Gird the Cats!
This year’s holiday battle cry in our home was, “Gird the cats,” a malapropism that stuck. Beginning on December 20th, we hosted our daughter’s rescue dog, Artemis or Artie, who, anxious in new situations, was not a fan of our menagerie. Cordelia was afraid that, upon meeting one of our pets, Artemis would eat it for lunch—or dinner or breakfast. The three dogs and the fish were easy to contain behind the kitchen door. The cats, however, roam free throughout our house, and we worried about Artemis’s delicate nerves, not to mention the potential sacrifice of one of the metaphorical nine lives of one of our three cats.
“Are the cats girded?” we asked one another.

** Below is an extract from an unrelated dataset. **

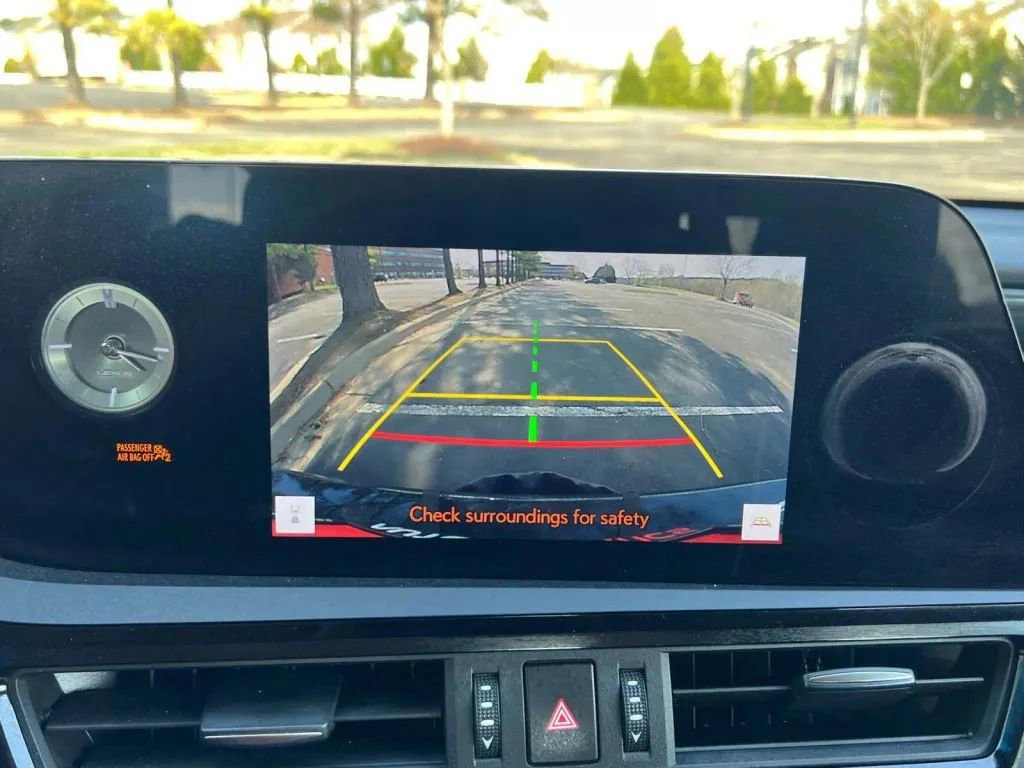 Used 2023 Lexus ES 350 w/ Accessory Package (Z1) FWD image 40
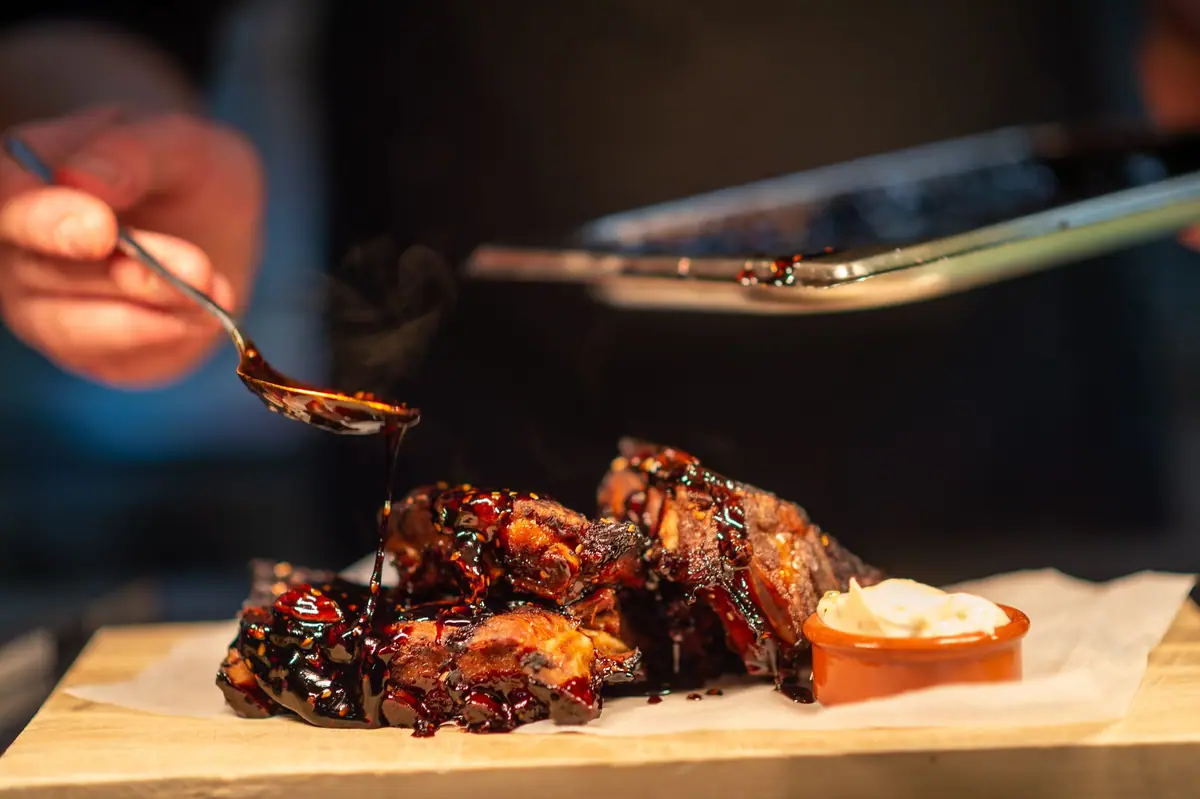 Spareribs worden geglaceerd met HJ's eigen marinade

Initially, whoever started the expression combined guard and herd, but the term caught on in our family.
“Could you gird the cats?” someone hollered down the stairs. “Have we ungirded the cats?” we’d ask hours after we had contained them in a room. Or the simple command, by text: Gird.
After a week or so of assiduous girding, we grew lax. One morning Artemis encountered our small calico, Phoebe, on the stairs. No harm ensued. Phoebe gracefully leapt down the steps. Artemis hardly noticed her. A few days later, we allowed Artie to pass through the front hall while black Tonio hid, undetected, beneath a chair. While our dogs definitely knew there was a stranger in the house, the cats seemed unconcerned.
We embraced various forms of the verb, to gird. We made it our own, introduced it into the lexicon of our family. Early in the New Year, Seth sent us the etymology of the verb to gird, which derives from the ancient custom of girding one’s loins, as in cinching or wrapping a piece of fabric tightly around the mid-section in order to make flowing robes less dangerous in battle. In more modern times, the connotation of girding one’s loins has come to mean to prepare oneself for a difficult situation, to get ready. The idea of actually girdling the cats or trying to do so made me laugh. They are their own creatures, alternately friendly and ferocious. Over the holiday, they allowed themselves to be picked up docilely or scratched ferociously. While Cordelia worried that Artemis might munch a cat, I worried that one of the cats would take Artemis down.
Artemis lived in Cordelia’s bedroom, crated when we needed to be downstairs. She may look ferocious, but is a love, pacing and whining when Atticus, our son, her primary care taker during Cordelia’s vist to her beau in Montana, left the room. One day, I surrendered to a migraine and lay on Cordelia’s bed, Artie my faithful companion. Thinking about what she endured before Cordelia and Cole gave her her forever home makes me sad. She is afraid of wind, pigeons, people, squirrels, snow, the inflatables on our front yard, loud noises, strangers, and, sometimes, people she knows—if only briefly. But, she is a good dog, rich in love and kisses, delighted to have scratches and much larger than our little three. It was fun having a canine houseguest, though I felt sorry that she couldn’t mingle with the rest of us downstairs and worried, always, about her wellbeing and the wellbeing of the cats.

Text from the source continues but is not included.